So how will it pay the increases and avoid making a bad Exchequer position considerably worse? It will not be easy. A huge shortfall in revenue and massive overspending by the Government has left the national finances teetering on the brink of the abyss. Income-tax receipts are running 16 per cent behind schedule, while day-to-day spending is some 27 per cent ahead of Budget day forecasts.
Exchequer figures due out today for the first half of the year are expected to confirm a continuation of this trend and show the Government finances on track to be substantially in the red by the end of the year. Some economists are talking in terms of a €500 million to €1 billion deficit.
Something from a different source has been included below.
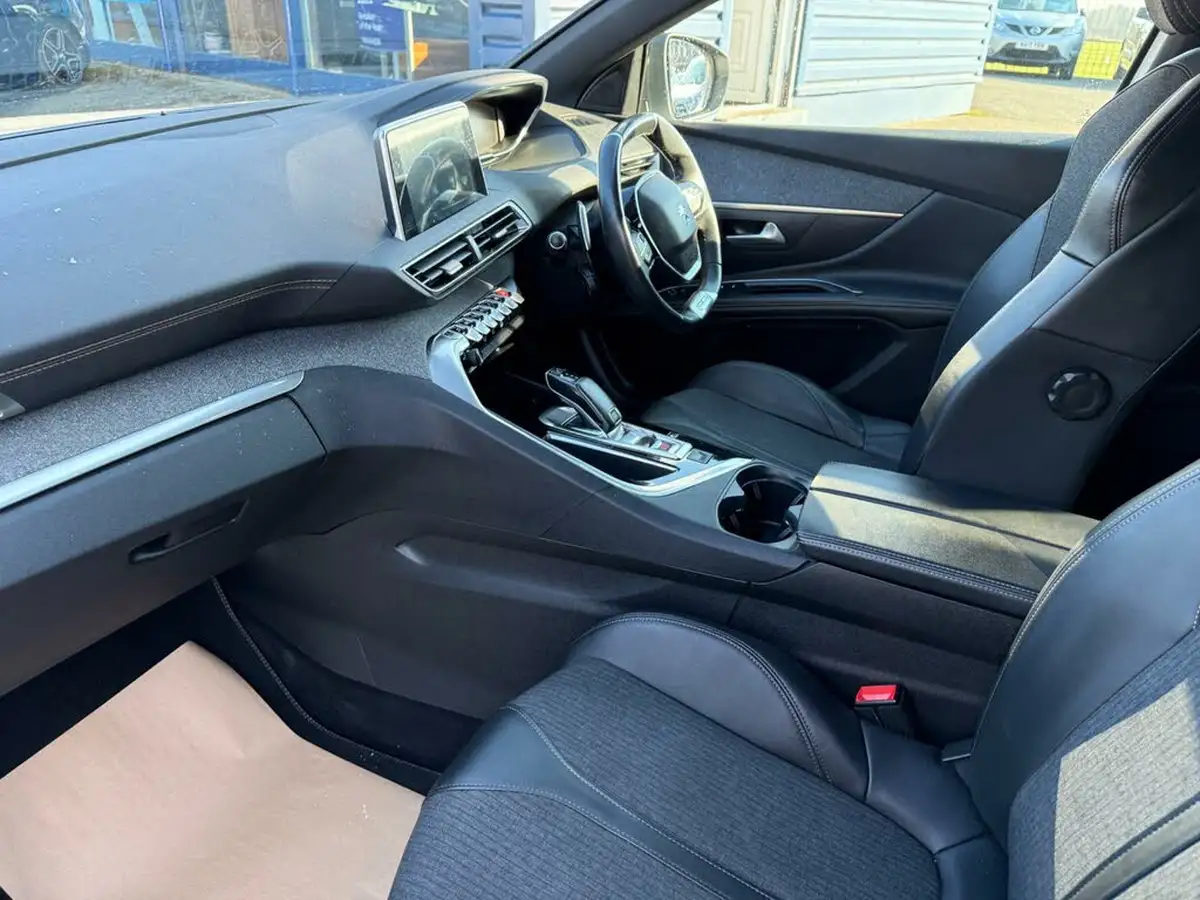 2019-peugeot-5008-suv-15-bluehdi-gt-line-eat8-big-23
Last week the Central Bank warned that it was possible that the Exchequer deficit could be so large that it might yet become an issue of concern for Brussels. Against this sort of backdrop the €1 billion bill for benchmarking is the last thing the Government needs. It is already committed to paying 25 per cent of the awards, backdated to last December. As a minimum the Exchequer can expect to be hit this year with a bill for €250 million on top of its other problems. But the Minister for Finance, Mr McCreevy, will be lucky if he can limit the impact for this year to €250 million.
There is €150 million built into the Budget arithmetic to cover the first instalment of the benchmarking awards. This will probably prove sufficient as the €250 million that is due for payment will be subject to tax, which will flow back to the Exchequer, leaving the net cost at around €150 million.
The payment of the remaining 75 per cent is subject to negotiations and will be linked to reform of the public sector. The Government can be expected to push these negotiations out over as long a period as possible.
But with private sector wages rising at something like 10 per cent a year, it will be hard for the Government not to concede the bulk of the awards - which average 8.9 per cent - this year.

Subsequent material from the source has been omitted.